[Task material]
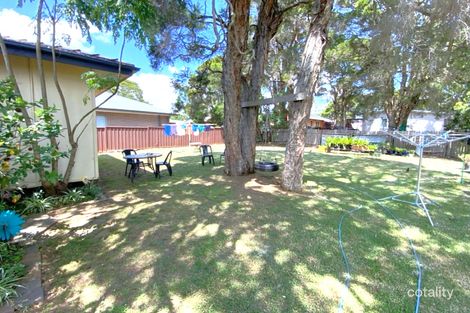 Property photo of 20 Copeland Road Lethbridge Park NSW 2770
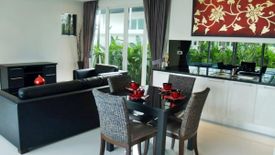 4 Bedroom Villa for sale in Palm Oasis Pool Villas, Nong Prue, Chonburi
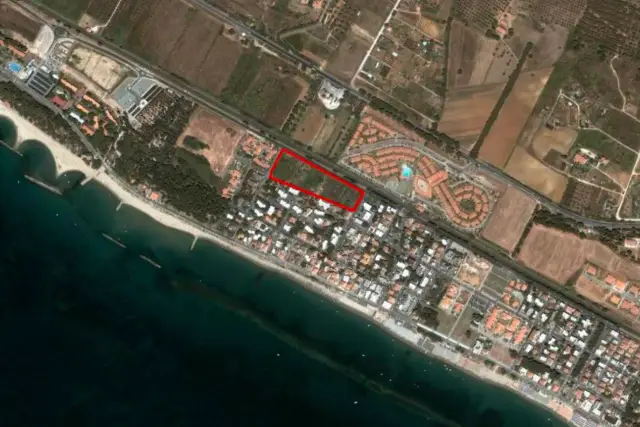 insertion image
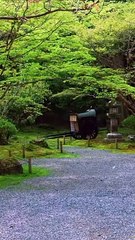 JAPAN   Shiga Ishiyamadera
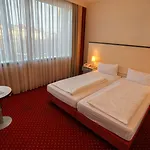 Hotel Kurfuerstendamm Berlijn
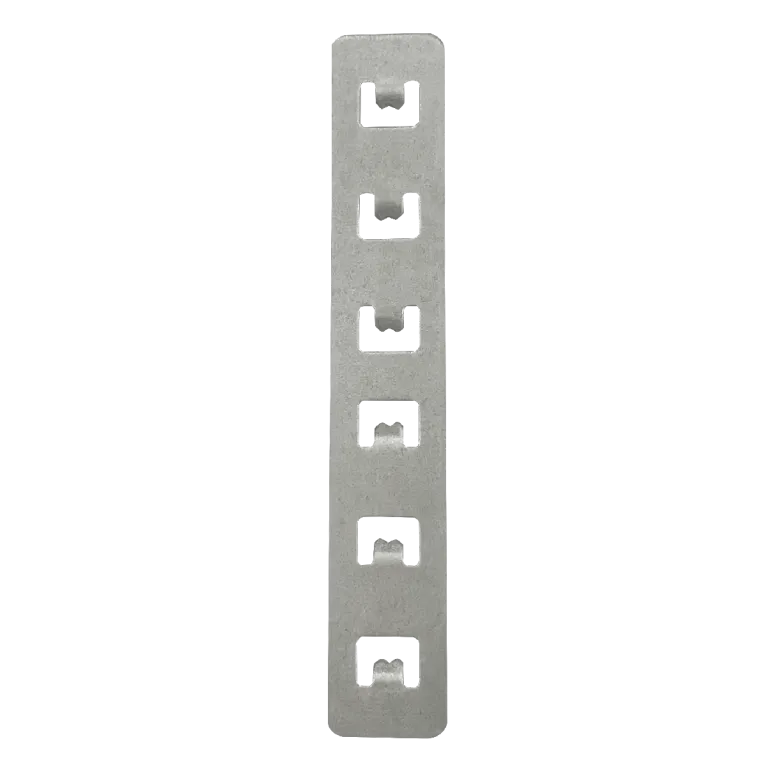 Соединительная планка iLedex Vision 4822-024 (2 шт) в Нижнем Новгороде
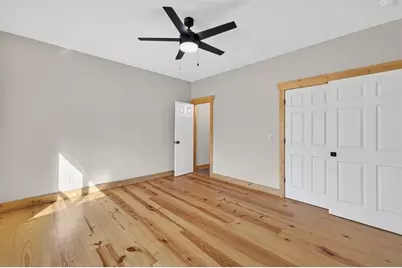 598 Lester Wood Road, Jefferson, GA 30549 - Photo 28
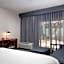 Courtyard by Marriott Denver Tech Center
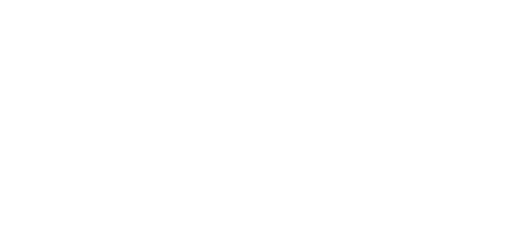 생각의 기점 지정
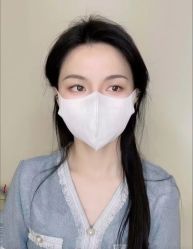 -MIVI野生眉纹绣纹眉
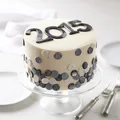 Nowy rok 2015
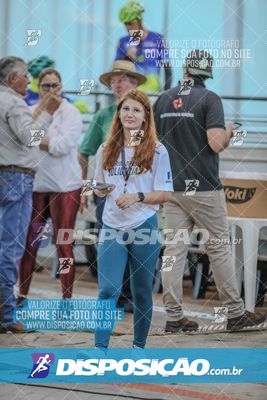 1 PEDALADA REPUBLICANA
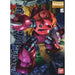 Bandai Char's Z'Gok "Mobile Suit Gundam, Bandai MG 1/100 New - TISTA MINIS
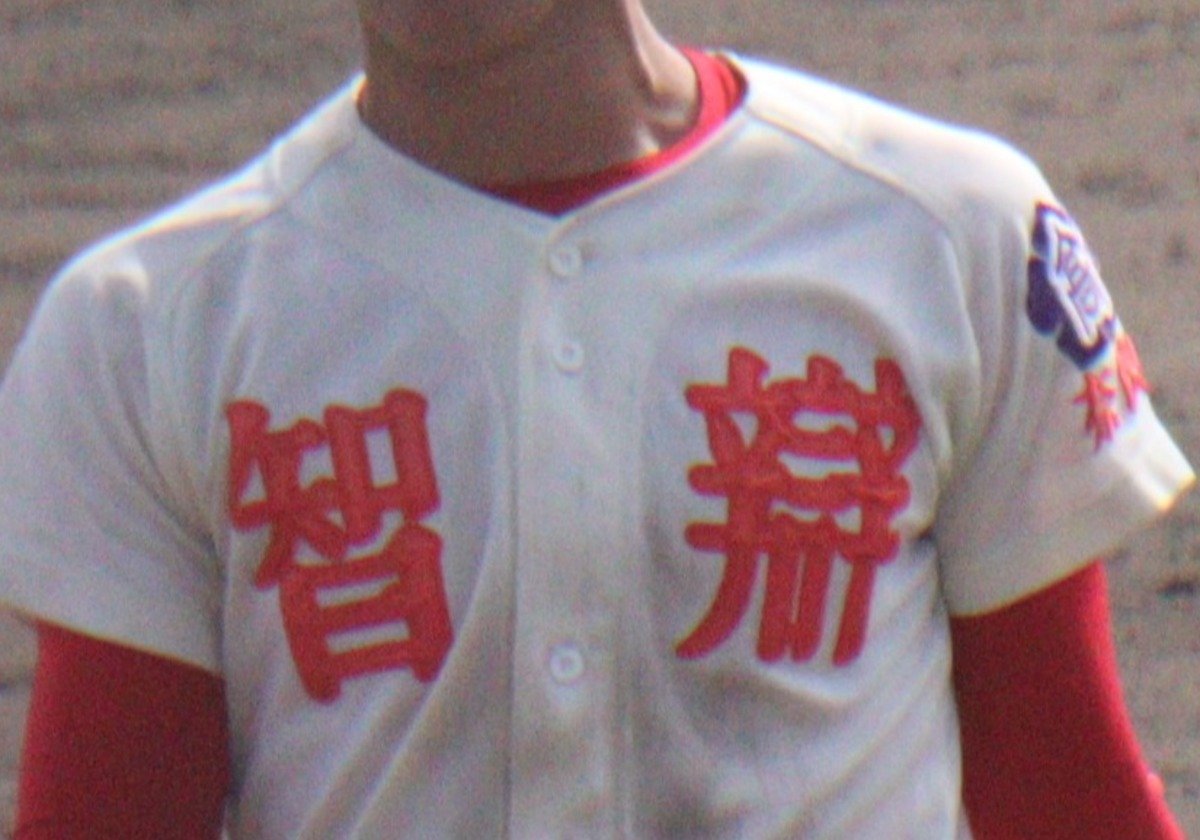 智辯学園グランドコート 智弁学園が畝傍にコールド負けで夏はノーシード！天理はコールド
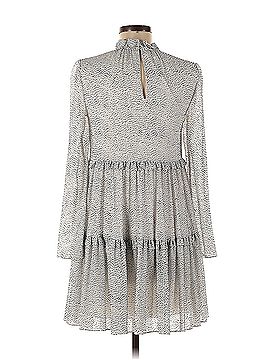 Ted Baker London Ted Baker London Casual Dress (view 2)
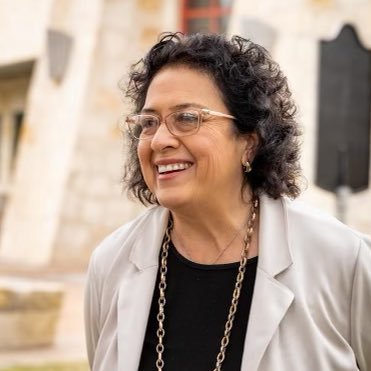 Celia Israel's profile picture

[Work instruction] Your reply must match the data above line for line, except that it holds no pictures.

[Answer area]
 Property photo of 20 Copeland Road Lethbridge Park NSW 2770
 4 Bedroom Villa for sale in Palm Oasis Pool Villas, Nong Prue, Chonburi
 insertion image
 JAPAN   Shiga Ishiyamadera
 Hotel Kurfuerstendamm Berlijn
 Соединительная планка iLedex Vision 4822-024 (2 шт) в Нижнем Новгороде
 598 Lester Wood Road, Jefferson, GA 30549 - Photo 28
 Courtyard by Marriott Denver Tech Center
 생각의 기점 지정
 -MIVI野生眉纹绣纹眉
 Nowy rok 2015
 1 PEDALADA REPUBLICANA
 Bandai Char's Z'Gok "Mobile Suit Gundam, Bandai MG 1/100 New - TISTA MINIS
 智辯学園グランドコート 智弁学園が畝傍にコールド負けで夏はノーシード！天理はコールド
 Ted Baker London Ted Baker London Casual Dress (view 2)
 Celia Israel's profile picture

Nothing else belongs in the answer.